Rishi Sunak — rival de Truss dans la course à la succession de Boris Johnson mais qui accuse un retard de 30 points selon les derniers sondages — n’a pas hésité à répondre à la question « ami ou ennemi » sur Macron, choisissant la première option.

Les relations entre la France et le Royaume-Uni ont souvent été tendues ces dernières années, tendues par le Brexit et ses retombées en cours. Il y a eu des affrontements sur les droits de pêche, les migrants traversant la Manche dans de petits bateaux et les contrôles de passeport aux frontières.

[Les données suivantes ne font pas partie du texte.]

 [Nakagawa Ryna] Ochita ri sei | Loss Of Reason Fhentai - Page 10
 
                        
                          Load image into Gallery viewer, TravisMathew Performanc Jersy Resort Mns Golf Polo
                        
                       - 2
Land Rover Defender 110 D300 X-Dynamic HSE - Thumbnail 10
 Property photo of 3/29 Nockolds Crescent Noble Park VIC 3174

Bien qu’elle ait soutenu le « rester » lors du référendum de 2016 sur l’UE, Liz Truss a depuis repris le flambeau du Brexit et est aujourd’hui l’une de ses plus ferventes partisanes. Elle a dirigé les négociations britanniques avec Bruxelles sur l’Irlande du Nord et a piloté le récent projet de loi parlementaire visant à annuler une partie du traité sur le Brexit couvrant les arrangements sur le territoire britannique.

L’euroscepticisme de Truss la présente comme l’opposé direct de Macron, l’un des soutiens les plus enthousiastes de l’UE.

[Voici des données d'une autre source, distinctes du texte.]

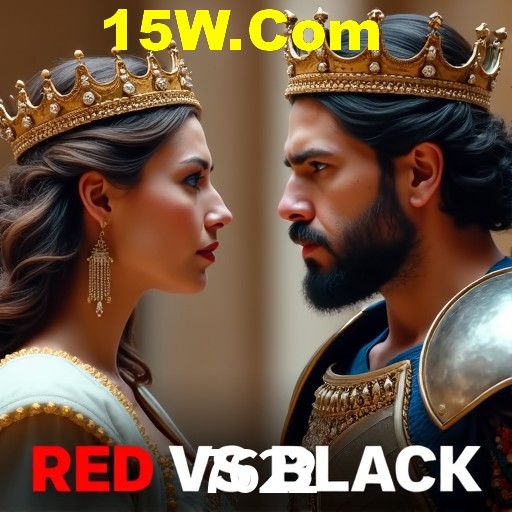 Descubra o Mundo do Cassino Online com 7622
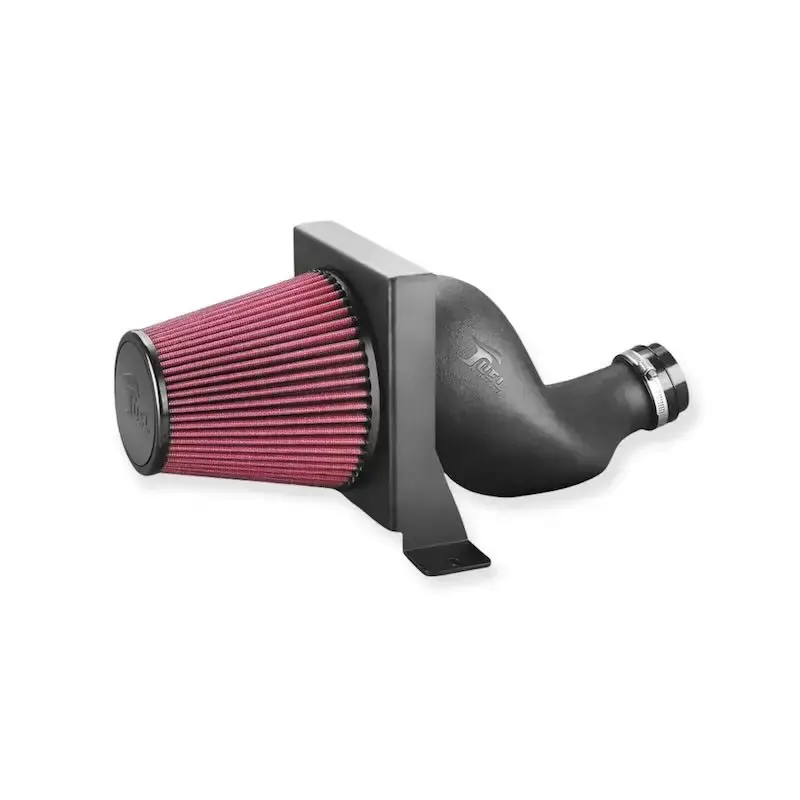 KIT D&rsquo;ADMISSION FUEL CUSTOMS RAPTOR 700 SANS BOITE A AIR Livraison Express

« Liz Truss utilisant les dernières semaines de sa campagne à la direction pour insulter le président de l’un des alliés les plus proches de la Grande-Bretagne montre un manque de jugement lamentable », a déclaré sur Twitter le secrétaire d’État fantôme du Labour, David Lammy.

« C’est une erreur désespérément grave, que le FS (secrétaire aux Affaires étrangères) devrait reprendre », a tweeté Alistair Burtancien ministre conservateur du ministère des Affaires étrangères.

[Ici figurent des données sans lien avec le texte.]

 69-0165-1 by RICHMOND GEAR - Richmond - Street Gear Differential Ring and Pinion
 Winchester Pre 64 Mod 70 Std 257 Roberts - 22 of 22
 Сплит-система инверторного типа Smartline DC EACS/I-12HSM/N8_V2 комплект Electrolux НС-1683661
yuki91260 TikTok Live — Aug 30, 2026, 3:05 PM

« La meilleure réponse aurait été ‘bien sûr que lui et la France sont amis et alliés, à la fois au sein de l’OTAN et pour la cause de la liberté : cela ne veut pas dire que nous n’avons pas nos différences et que nous devons parler honnêtement, comme je le ferai’. « 

« Il y a jouer à la galerie et puis laisser les préjugés de la galerie vous monter à la tête, surtout quand c’est l’un des pires moments pour essayer de fragmenter l’Occident », écrit David Gaukeun autre ancien ministre conservateur.

Autrefois parti pro-européen, les conservateurs britanniques ont depuis subi une transformation eurosceptique massive. Dans le sillage du Brexit, les enthousiastes de l’UE ont été largement purgés.

« Les barbes à propos des Français suscitent des rugissements plus rauques que les attaques contre Vladimir Poutine », l’économiste a noté récemment sur les événements de la campagne pour choisir le nouveau chef du parti.

La relation entre Paris et Londres a resurgi quelques minutes plus tard lors de la soirée électorale de jeudi soir. Truss a été interrogé au sujet de l’indépendance énergétique du Royaume-Uni, où les prix s’envolent en raison de l’explosion des prix du gaz.

Le pays a besoin de construire de nouvelles centrales nucléaires, a-t-elle soutenu, déplorant le fait qu’il ait perdu son expertise dans ce domaine. « Si le choix est de dépendre de la France ou de la Chine, je choisirai la France », a-t-elle déclaré, sous les applaudissements également.

Le vainqueur de la course à la chefferie des conservateurs a besoin d’une majorité des votes de quelque 200 000 militants du parti. Le vote est en cours et le résultat sera connu le 5 septembre.